I'm trying to perform my first code with Next-flow, im introducing 2 paired reads and I want to execute the bbduk function. I don't know why my code didn't works.
I tryed the following code:
#!/usr/bin/env nextflow
/*
* Pipeline Metagenomics, conda ambient Metagenomics_Nextflow
*/
nextflow.enable.dsl=2 // Nextflow version
params.fq1 = "$HOME/../*{1}.fq.gz" // Can be modified in the script with the --fq1 <value> command
params.fq2 = "$HOME/..//*{2}.fq.gz" // Can be modified in the script with the --fq2 <value> command
/*
* params.out = 'OTU.tsv' // result file
* params.databaseHuman = "$baseDir/Database/GRCh38" //
*/
/*
* Check the quality of raw sequences
*/
process BBduk {
input:
tuple val(meta), path(reads)
tag {meta.id}
output:
tuple val(meta), path('*.fq.gz'), emit: reads
tuple val(meta), path('*.log'), emit: log
script:
def prefix = file("${meta.id}")
def raw = "in1=${reads[0]} in2=${reads[1]}"
def trimmed = "out1=${prefix}_1.fastq.gz out2=${prefix}_2.fastq.gz"
"""
echo(${prefix})
echo(${raw})
echo(${trimmed})
bbduk.sh \\
$raw \\
$trimmed \\
qtrim=r trimq=10 minlen=100 \\
&> ${prefix}.bbduk.log
"""
}
/*
* Workflow
*/
workflow {
sequences = Channel.fromFilePairs( [params.fq1,params.fq2] )

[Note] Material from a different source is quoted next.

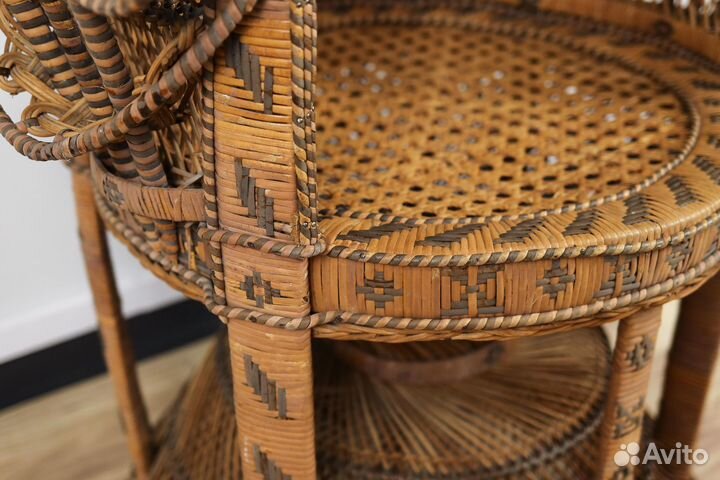 Старинное плетеное кресло-павлин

println "Performing Quality control and triming from $sequences"
BBduk(sequences)
}
The code produce the following error in terminal.
ERROR ~ Error executing process > 'BBduk (1)'
Caused by:
No such variable: id -- Check script 'Workflow_Clean_Human_DNA.nf' at line: 34
Source block:
def prefix = file("${meta.id}")
def raw = "in1=${reads[0]} in2=${reads[1]}"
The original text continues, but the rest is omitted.